DuckLake Publishing
LakeXpress can automatically register exported Parquet files in a DuckLake catalog, enabling ACID transactions, time travel, and schema evolution without copying data.
Table of Contents
- What is DuckLake?
- Prerequisites
- Catalog Backend Options
- Configuration Options
- Dynamic Naming Patterns
- Usage Examples
- Data Type Mapping
- Querying Tables
- CLI Reference
What is DuckLake?
DuckLake is an open table format that adds data warehouse capabilities to your data lake using DuckDB and a lightweight metadata catalog.
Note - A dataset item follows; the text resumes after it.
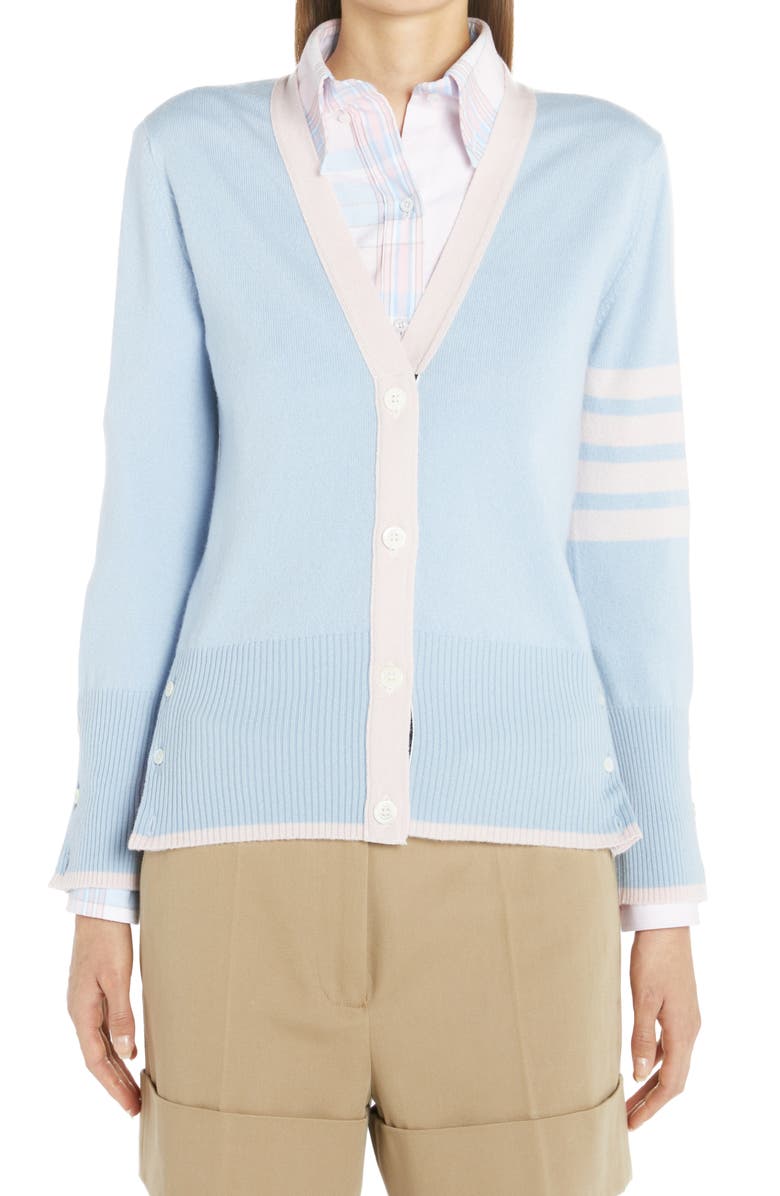 Thom Browne 4-Bar V-Neck Cashmere Cardigan, Main, color,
- ACID Transactions: Atomic commits across multiple tables
- Time Travel: Query data at any historical point in time
- Schema Evolution: Add, rename, or modify columns without rewriting data
- Multi-Engine Access: Query from DuckDB, Python, or any DuckDB-compatible tool
Supported catalog backends:
- SQLite — File-based, suited for local development
- PostgreSQL — Production-ready with concurrent access
- MySQL — Alternative production catalog
- DuckDB — Native DuckDB file as catalog
Prerequisites
1. Storage Backend
Parquet files must be accessible from the DuckLake catalog. Supported storage:
- Local filesystem
- AWS S3 (including S3-compatible: MinIO, OVH, etc.)
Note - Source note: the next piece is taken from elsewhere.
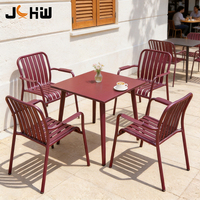 Chaise de salle à manger d'extérieur en aluminium durable pour restaurant, café, bistrot, mobilier de patio commercial extérieur Foshan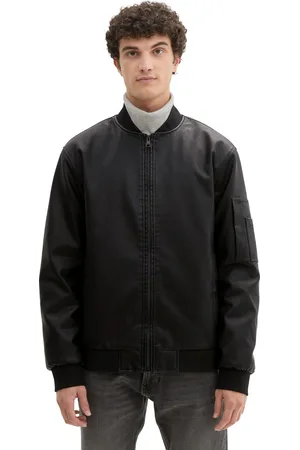 TOM TAILOR Bomberjacke, ohne Kapuze, Kunstleder mit Eingrifftaschen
- Google Cloud Storage (GCS)
- Azure Blob Storage
2. Catalog Database
Choose a catalog backend:
- SQLite: No setup required (file-based)
- PostgreSQL: Requires a running PostgreSQL instance
- MySQL: Requires a running MySQL instance
- DuckDB: No setup required (file-based)
Catalog Backend Options
SQLite Catalog (Simplest)
Best for local development, single-user, and testing.
{
"ducklake_sqlite": {
"ds_type": "sqlite",
"catalog_type": "ducklake",
"info": {
"filepath": "/path/to/ducklake_catalog.sqlite"
}
}
}
PostgreSQL Catalog (Recommended for Production)
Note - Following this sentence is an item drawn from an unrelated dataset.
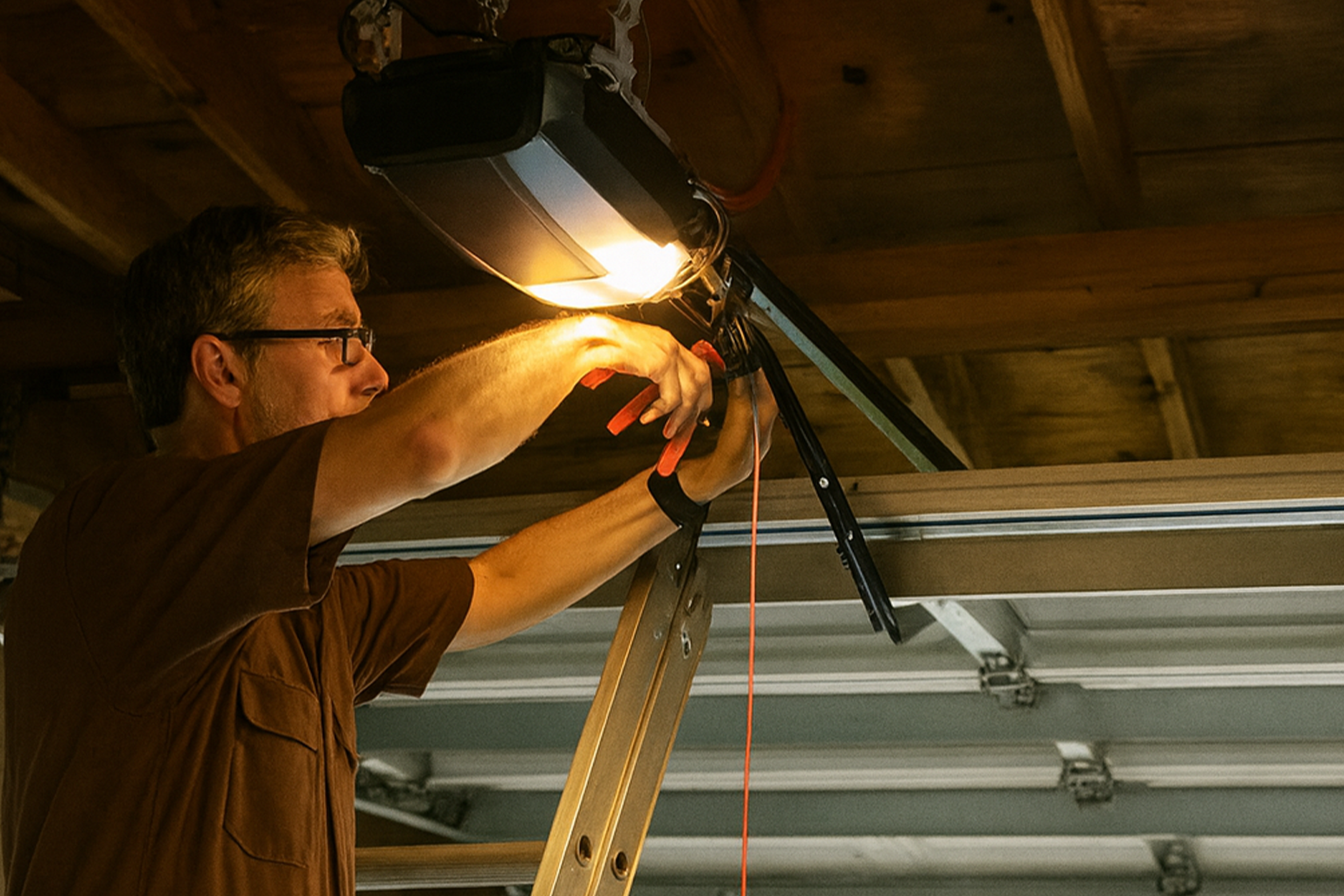 Technician in dark brown jumpsuit performing proper garage door opener installation on a ladder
Best for multi-user access, production workloads, and concurrent queries.
{
"ducklake_postgres": {
"ds_type": "postgres",
"catalog_type": "ducklake",
"info": {
"server": "localhost",
"port": 5432,
"database": "ducklake_catalog",
"username": "postgres",
"password": "your-password",
"schema": "lakexpress"
}
}
}
The schema field sets the PostgreSQL search_path for organizing catalog tables.
MySQL Catalog
Best for environments already using MySQL.
{
"ducklake_mysql": {
"ds_type": "mysql",
"catalog_type": "ducklake",
"info": {
"server": "localhost",
"port": 3306,
"database": "ducklake_catalog",
"username": "root",
"password": "your-password"
}
}
}
MySQL uses the database as the namespace (no separate schema concept).
DuckDB Catalog
Best for DuckDB-native workflows and embedded analytics.
{
"ducklake_duckdb": {
"ds_type": "duckdb",
"catalog_type": "ducklake",
"info": {
"filepath": "/path/to/ducklake_catalog.duckdb"
}
}
}
Configuration Options
Full Credentials Example
credentials.json with S3 storage and PostgreSQL catalog:
{
"log_db": {
"ds_type": "postgres",
"auth_mode": "password",
"info": {
"server": "localhost",
"port": 5432,
"database": "lakexpress_log",
"username": "postgres",
"password": "log-password"
}
},
"source_db": {
"ds_type": "postgres",
"auth_mode": "password",
"info": {
"server": "source-server",
"port": 5432,
"database": "production",
"username": "readonly_user",
"password": "source-password"
}
},
"s3_storage": {
"ds_type": "s3",
"auth_mode": "key",
"info": {
"bucket": "my-data-lake",
"directory": "exports/",
"aws_access_key_id": "AKIAIOSFODNN7EXAMPLE",
"aws_secret_access_key": "wJalrXUtnFEMI/K7MDENG/bPxRfiCYEXAMPLEKEY",
"region": "us-east-1"
}
},
"ducklake_catalog": {
"ds_type": "postgres",
"catalog_type": "ducklake",
"info": {
"server": "localhost",
"port": 5432,
"database": "ducklake_catalog",
"username": "postgres",
"password": "catalog-password",
"schema": "lakexpress"
}
}
}
Configuration Fields
| Field | Description | Required |
|---|---|---|
ds_type |
Catalog database type: sqlite, postgres, mysql, or duckdb |
Yes |
catalog_type |
Must be "ducklake" to enable DuckLake publishing |
Yes |
info.filepath |
Path to SQLite/DuckDB catalog file | For SQLite/DuckDB |
info.server |
Database server hostname | For PostgreSQL/MySQL |
info.port |
Database server port | For PostgreSQL/MySQL |
info.database |
Database name | For PostgreSQL/MySQL |
info.username |
Database username | For PostgreSQL/MySQL |
info.password |
Database password | For PostgreSQL/MySQL |
info.schema |
Schema name (PostgreSQL only) | No |
Dynamic Naming Patterns
Pattern variables control how source tables map to DuckLake table names:
| Variable | Description | Example |
|---|---|---|
{schema} |
Source schema name | public |
{table} |
Source table name | orders |
{database} |
Source database name | production |
Pattern Examples
Default (mirror source structure):
--publish_schema_pattern "{schema}" \
--publish_table_pattern "{table}"
Result: public.orders → public.orders
Prefix with environment:
--publish_schema_pattern "prod_{schema}" \
--publish_table_pattern "{table}"
Result: public.orders → prod_public.orders
Flatten to single schema:
--publish_schema_pattern "datalake" \
--publish_table_pattern "{schema}_{table}"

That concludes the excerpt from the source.